Pearce, I know you know this because you cover the story so well, but just context for others, right? I mean, between BP and XTO and that Shelby Trough area, which between royalty and working interest was only a third of our production as we were coming out of ‘18. That was a 30-plus wells a year on pretty high net acreage for us, and when BP and XTO stopped drilling, the PDP profile of those existing wells were flat for a year or so and then started to turn over pretty quick. So we’re in that sort of high decline curve on the existing last big round of PDP, last big round of wells that were drilled by BP and XTO.

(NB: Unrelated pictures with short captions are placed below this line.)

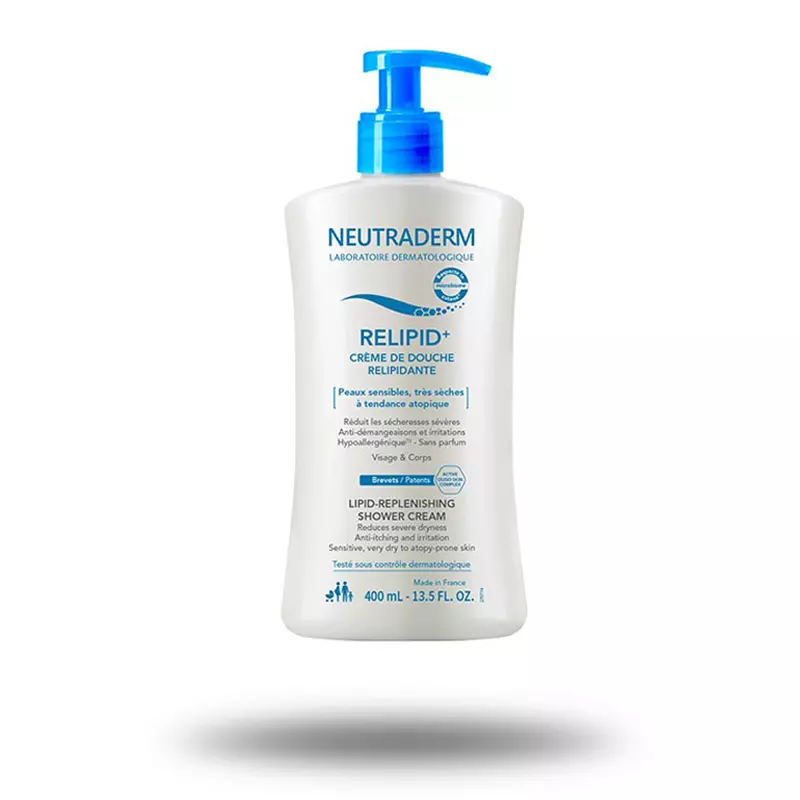 Flacon de 400 mL de crème douche relipidante NEUTRADERM
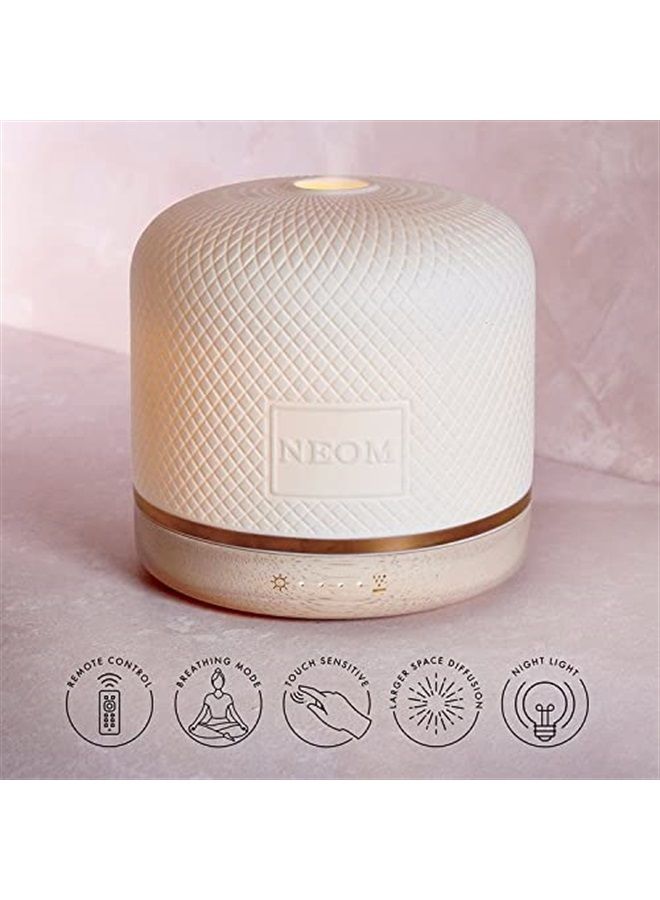 NEOM – Wellbeing Pod Luxe | Premium Ceramic Ultrasonic Essential Oil Diffuser, 350ml | Ceramic Cover, Remote Control, LED Light & Timer | Aromatherapy Diffuser | Home Fragrance…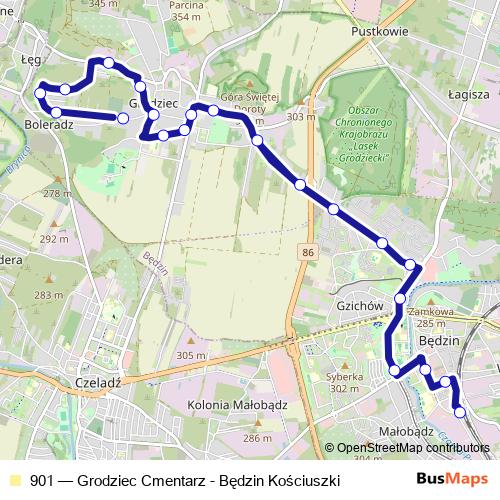 901 bus Line Map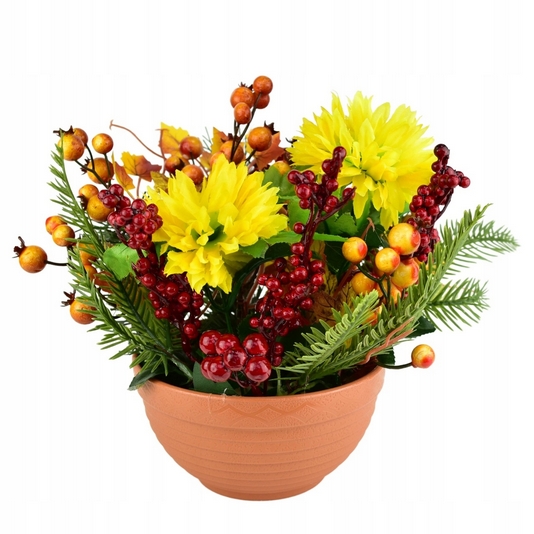 Elegantná jesenná miska s žltými chryzantémami 25x25 cm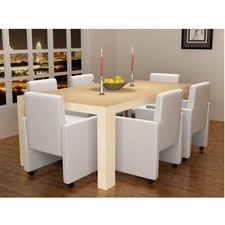Sedie da Pranzo 6 pz Bianche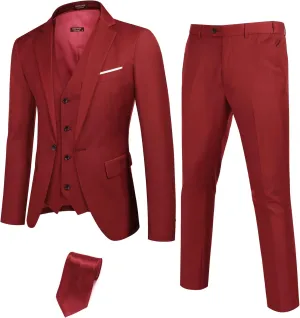 COOFANDY Mens 3 Piece Suits One Button Blazer Jacket Slim Fit Vest Suit Pant with Tie
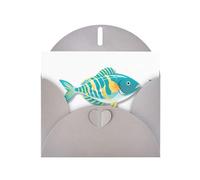Gray WHJSHOP Fish in Summer - Tarjeta de felicitación con impresión de papel perlado de alta gama, doble cara, con hebilla de amor, sobre de papel perlado
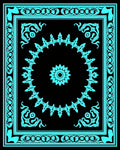 Turquoise Black Ornamental Medallion Frame Rug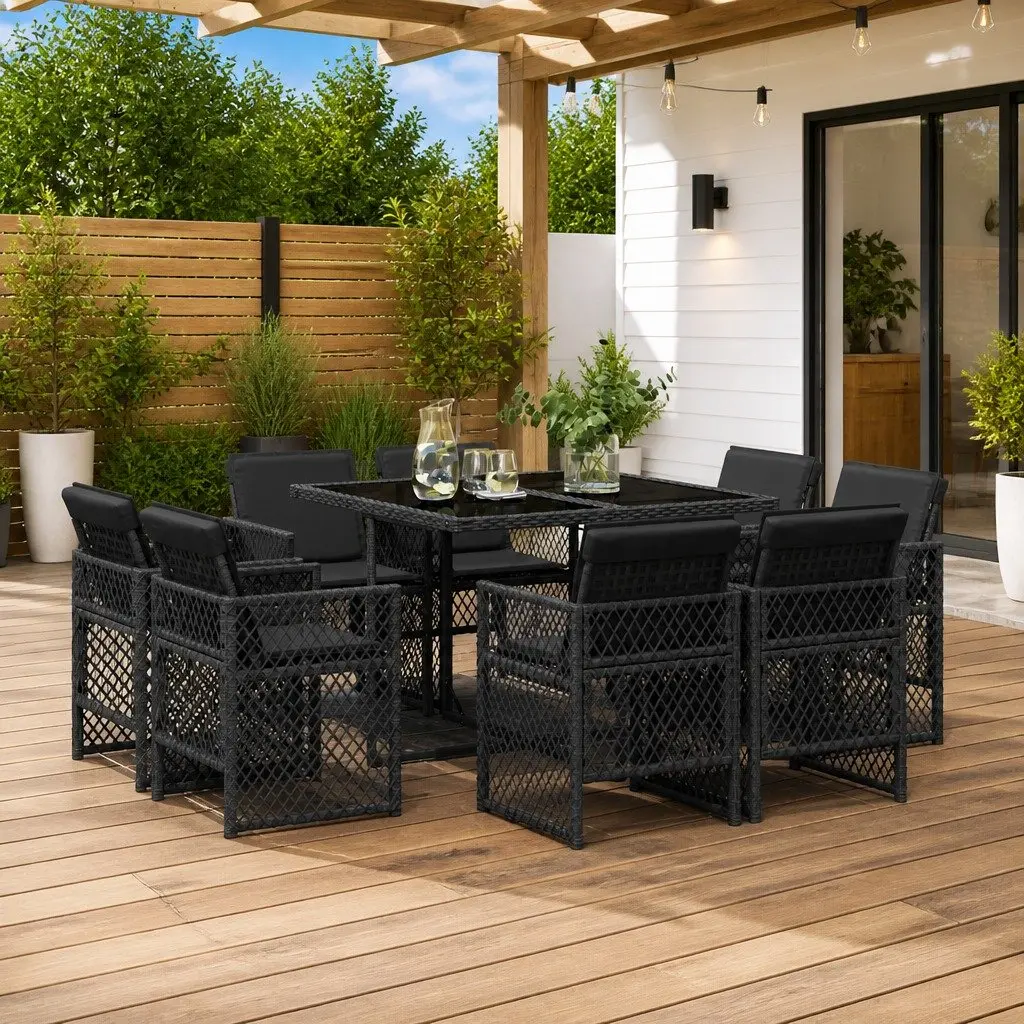 9 Piece Outdoor Dining Set with Black Rattan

And well, as you mentioned, we’re very encouraged by Aethon’s early results. It is early and it just takes a while for those programs to get ramped up and to really provide that inflection point that you’re talking about. So I think, we’re expecting that in ‘22, that inflection point and that relatively steep decline in the existing PDP, of course, is a big driver to some of those declines in second half of ‘21 versus first. But I will tell you, based on only well results, based on the fact that they’re running ahead of their required performance under the agreement, we’re really optimistic about Aethon’s activity there. And of course, the other big part of that inflection point is going to be -- we’ve got four to five wells that are going to be -- that have either already been spud or will be spud over the course of this year in the Austin Chalk, and we’re excited there just given the extent of our ownership around that play.

Tom Carter

And if you take our contractual situations out there at full compliance, you could see upwards of 30 wells a year moving up to from where we are to 30 wells a year in the Shelby Trough portion of the Haynesville Bossier. And if our initiatives, our collective initiatives in the Chalk pan out, which we’re optimistic about, we could see that ramping up to 20 to 30 wells a year. So, you put those two things together, we’ll be growing into those shoes, if you will, but it could roll back up pretty quickly.


[Operator Instructions]

Tom Carter

Well, it looks like that’s all the questions, and as always, we thank you for joining us, and we look forward to discussing matters with you next quarter. Thanks so much.


And this concludes today’s conference. Thank you for your participation. You may now all disconnect. Thank you so much.